> [RECORDS SHOWN]:

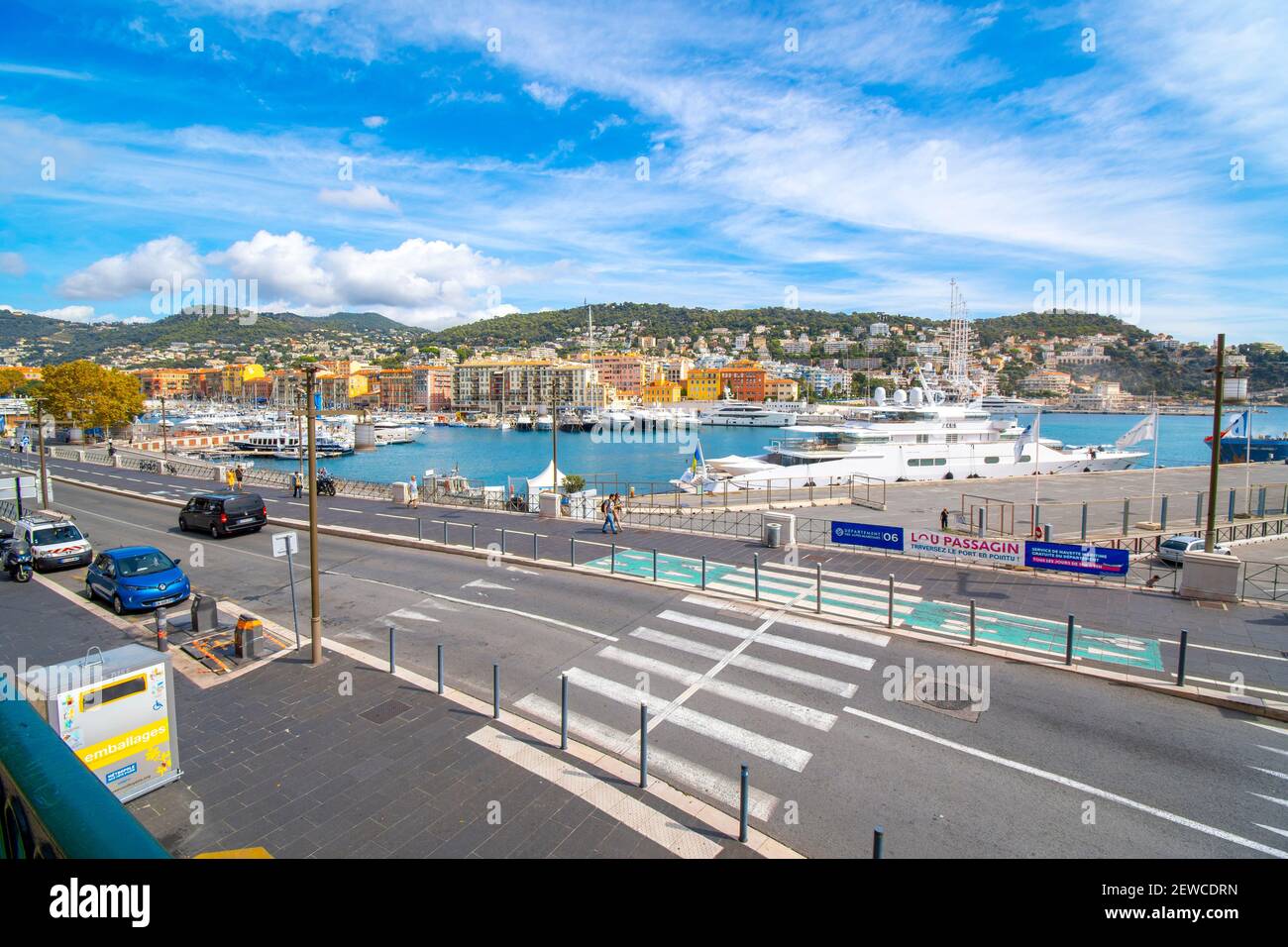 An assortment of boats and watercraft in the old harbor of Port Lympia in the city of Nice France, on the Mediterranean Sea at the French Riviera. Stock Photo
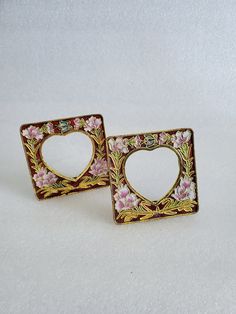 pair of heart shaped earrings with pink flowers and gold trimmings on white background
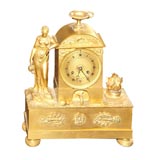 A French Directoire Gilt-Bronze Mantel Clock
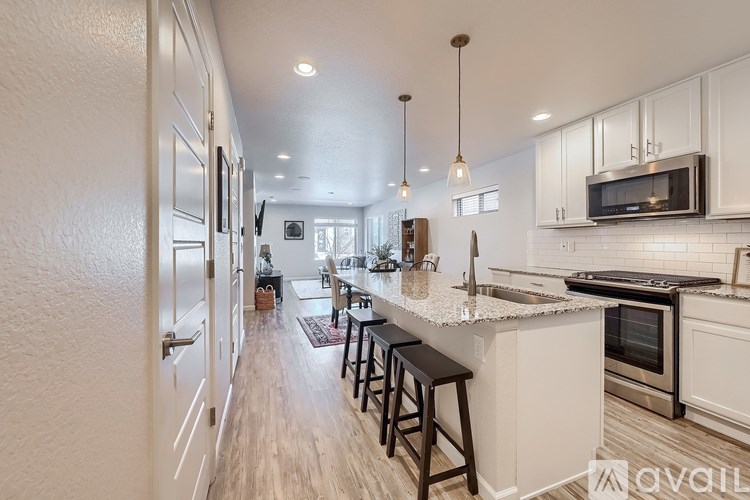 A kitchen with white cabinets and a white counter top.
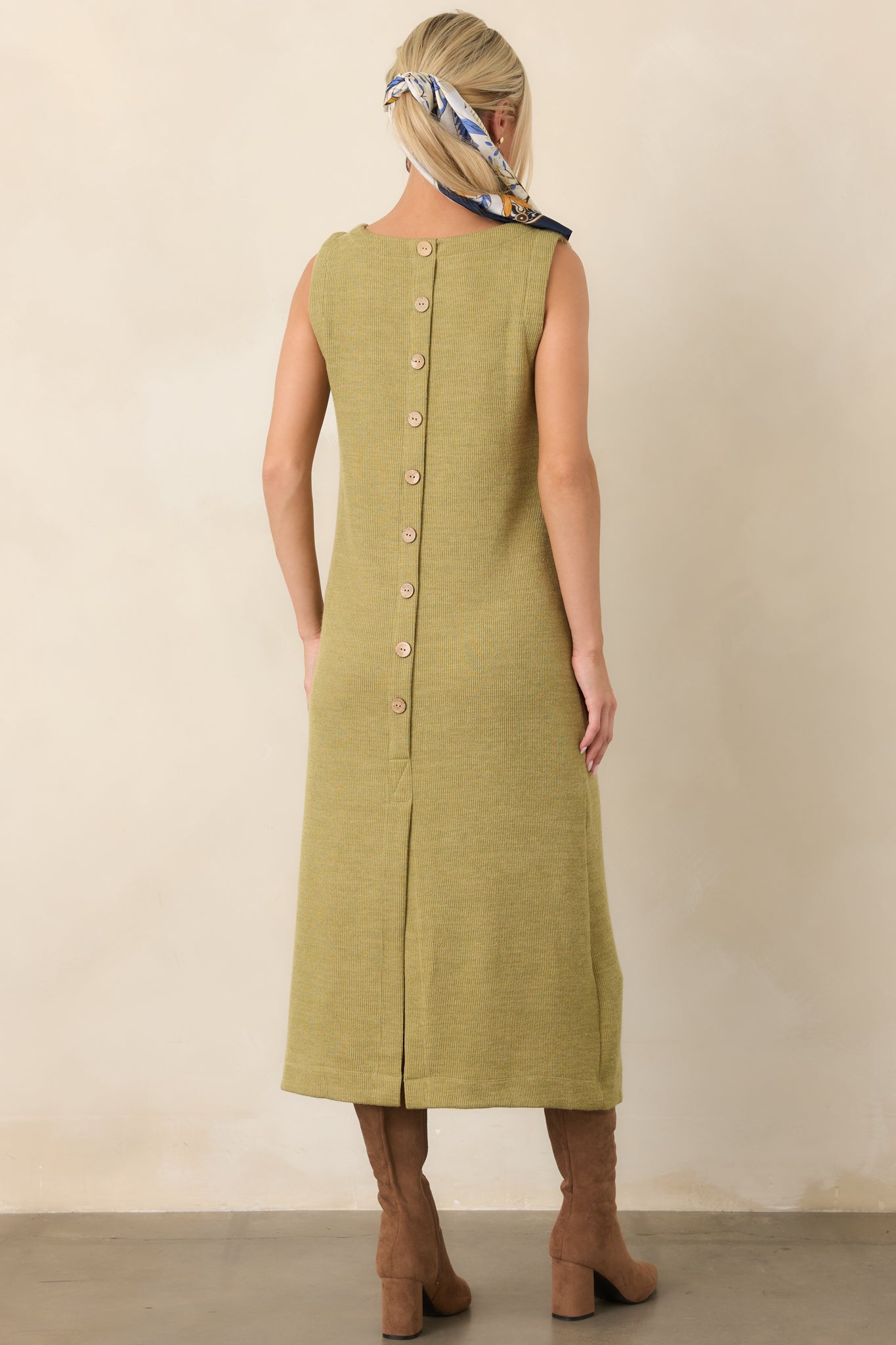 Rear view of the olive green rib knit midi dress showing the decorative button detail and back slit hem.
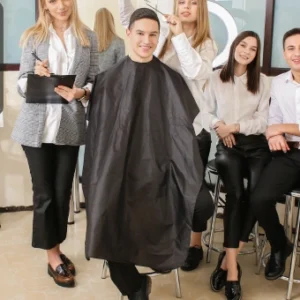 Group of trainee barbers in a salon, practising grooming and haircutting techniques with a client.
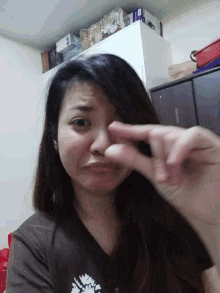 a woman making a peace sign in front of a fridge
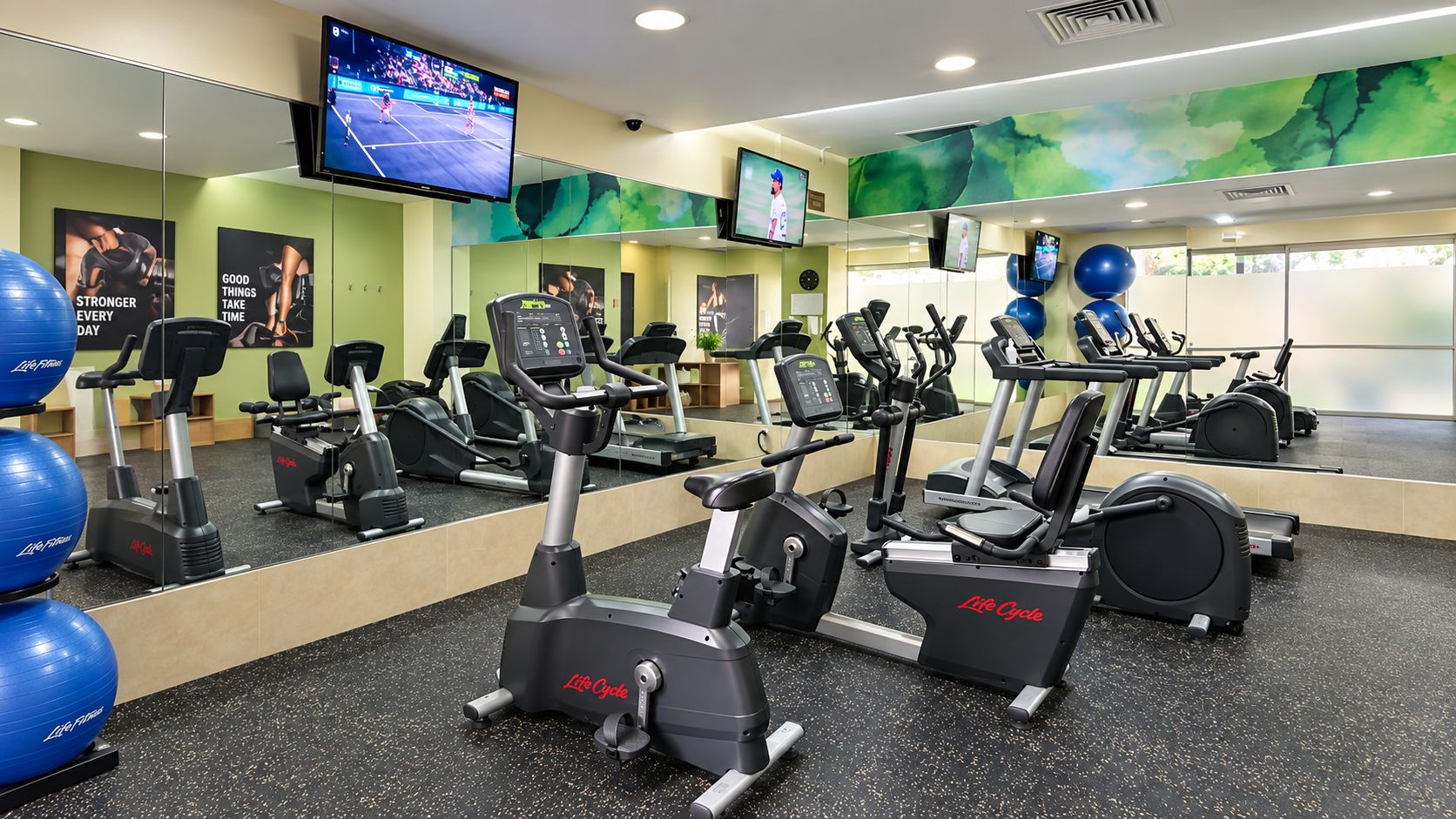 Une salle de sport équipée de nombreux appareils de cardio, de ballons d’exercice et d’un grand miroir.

> [WORK REQUIRED]: Copy exactly, and only, the lines running from the one containing "Group of trainee" through the final line of the data, and omit the pictures.

> [FINISHED EXERCISE]:
 Group of trainee barbers in a salon, practising grooming and haircutting techniques with a client.
 a woman making a peace sign in front of a fridge
 Une salle de sport équipée de nombreux appareils de cardio, de ballons d’exercice et d’un grand miroir.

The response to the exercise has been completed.